New sample distribution main & supplemental display items

AlexsLemonade / OpenPBTA-analysis

The analysis repository for the Open Pediatric Brain Tumor Atlas Project

Other

100 stars 67 forks source link

New sample distribution main & supplemental display items #1201

Closed jaclyn-taroni closed 2 years ago

jaclyn-taroni commented 3 years ago

⚠️ downstream of #1193 and #1195 + cherry-picked the ggpattern installation from #1197

Addresses part of #1175, specifically the main display item that would replace the multilayer sunburst plot.

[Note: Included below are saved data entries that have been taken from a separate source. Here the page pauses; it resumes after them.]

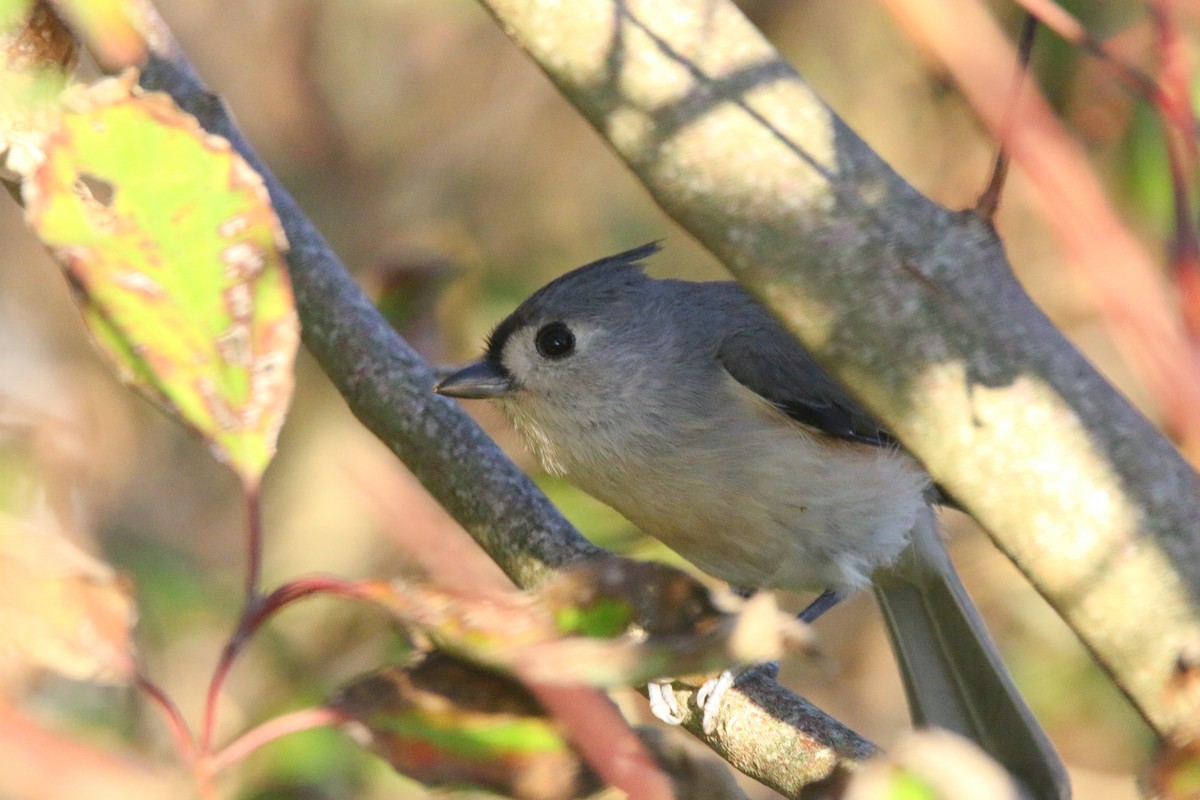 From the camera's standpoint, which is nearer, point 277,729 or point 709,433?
point 277,729

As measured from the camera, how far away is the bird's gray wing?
7.84ft

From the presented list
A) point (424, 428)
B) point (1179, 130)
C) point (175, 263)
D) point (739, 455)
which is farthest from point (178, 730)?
point (739, 455)

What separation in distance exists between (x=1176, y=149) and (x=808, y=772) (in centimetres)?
98

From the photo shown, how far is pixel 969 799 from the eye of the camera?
0.63 metres

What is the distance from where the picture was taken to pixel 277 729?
66cm

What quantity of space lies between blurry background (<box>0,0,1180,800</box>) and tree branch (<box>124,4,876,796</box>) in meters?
0.93

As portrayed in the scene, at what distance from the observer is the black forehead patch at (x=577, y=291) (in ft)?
8.21

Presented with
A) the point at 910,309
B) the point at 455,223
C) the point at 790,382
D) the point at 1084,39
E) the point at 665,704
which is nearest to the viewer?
the point at 1084,39

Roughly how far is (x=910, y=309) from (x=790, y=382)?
1.37 metres

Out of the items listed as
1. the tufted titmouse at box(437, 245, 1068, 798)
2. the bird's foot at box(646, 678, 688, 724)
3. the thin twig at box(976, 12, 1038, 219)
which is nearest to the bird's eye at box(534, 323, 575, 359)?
the tufted titmouse at box(437, 245, 1068, 798)

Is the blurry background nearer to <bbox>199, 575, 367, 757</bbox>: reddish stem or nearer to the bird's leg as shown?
the bird's leg

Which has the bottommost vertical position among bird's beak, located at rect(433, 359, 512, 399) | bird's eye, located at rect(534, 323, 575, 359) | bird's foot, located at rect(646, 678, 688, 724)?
bird's foot, located at rect(646, 678, 688, 724)

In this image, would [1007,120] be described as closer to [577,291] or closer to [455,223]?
[577,291]

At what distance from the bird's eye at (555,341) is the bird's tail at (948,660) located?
0.81 m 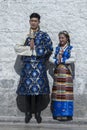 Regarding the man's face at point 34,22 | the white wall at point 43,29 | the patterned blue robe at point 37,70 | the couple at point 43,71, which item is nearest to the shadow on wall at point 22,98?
the white wall at point 43,29

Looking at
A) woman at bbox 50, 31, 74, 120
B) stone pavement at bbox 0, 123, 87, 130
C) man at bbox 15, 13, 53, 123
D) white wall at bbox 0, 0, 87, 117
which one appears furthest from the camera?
white wall at bbox 0, 0, 87, 117

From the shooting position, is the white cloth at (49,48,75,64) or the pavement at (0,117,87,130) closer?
the pavement at (0,117,87,130)

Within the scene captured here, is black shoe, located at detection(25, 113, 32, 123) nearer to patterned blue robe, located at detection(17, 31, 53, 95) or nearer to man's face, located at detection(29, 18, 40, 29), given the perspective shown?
patterned blue robe, located at detection(17, 31, 53, 95)

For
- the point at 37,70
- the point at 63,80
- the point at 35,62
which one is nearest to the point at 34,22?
the point at 35,62

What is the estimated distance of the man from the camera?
8.82 m

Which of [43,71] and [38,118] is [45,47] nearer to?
[43,71]

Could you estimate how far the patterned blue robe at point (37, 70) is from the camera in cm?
882

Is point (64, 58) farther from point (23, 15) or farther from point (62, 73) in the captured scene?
point (23, 15)

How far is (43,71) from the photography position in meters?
8.89

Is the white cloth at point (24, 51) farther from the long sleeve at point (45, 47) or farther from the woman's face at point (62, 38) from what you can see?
the woman's face at point (62, 38)

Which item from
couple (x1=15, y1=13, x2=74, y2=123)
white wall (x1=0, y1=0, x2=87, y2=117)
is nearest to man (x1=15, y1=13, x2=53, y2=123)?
couple (x1=15, y1=13, x2=74, y2=123)

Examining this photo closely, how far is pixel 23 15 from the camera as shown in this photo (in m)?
9.25

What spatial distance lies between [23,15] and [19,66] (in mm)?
706

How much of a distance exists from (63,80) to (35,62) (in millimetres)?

For each broad histology display group, the script added creates a two plot panel:

A stacked bar plot, where the fill is the cancer group hex code (so many cancer groups are grey) and the pattern represents whether a sample has been assayed with RNA-seq, DNA-seq, or both.
- The y limits are not the same for each panel, but the total number of samples is in text at the top of the bar.
A stacked bar plot that shows the proportion of each cancer type per tumor descriptor (e.g., Initial CNS tumor) using the tumor descriptor palette for the fill.

Examples

Diffuse astrocytic and oligodendroglial tumor two_panels

Embryonal tumor two_panels

And the legends

assay_pattern_legend

tumor_descriptor_legend

jharenza commented 3 years ago

@jaclyn-taroni I am not loving the patterns in the bars, but maybe we can simplify and use only panel 2 with the total N's per group in parentheses in the X-axis label or above the bar, and leave out the N by assay from this part of the figure?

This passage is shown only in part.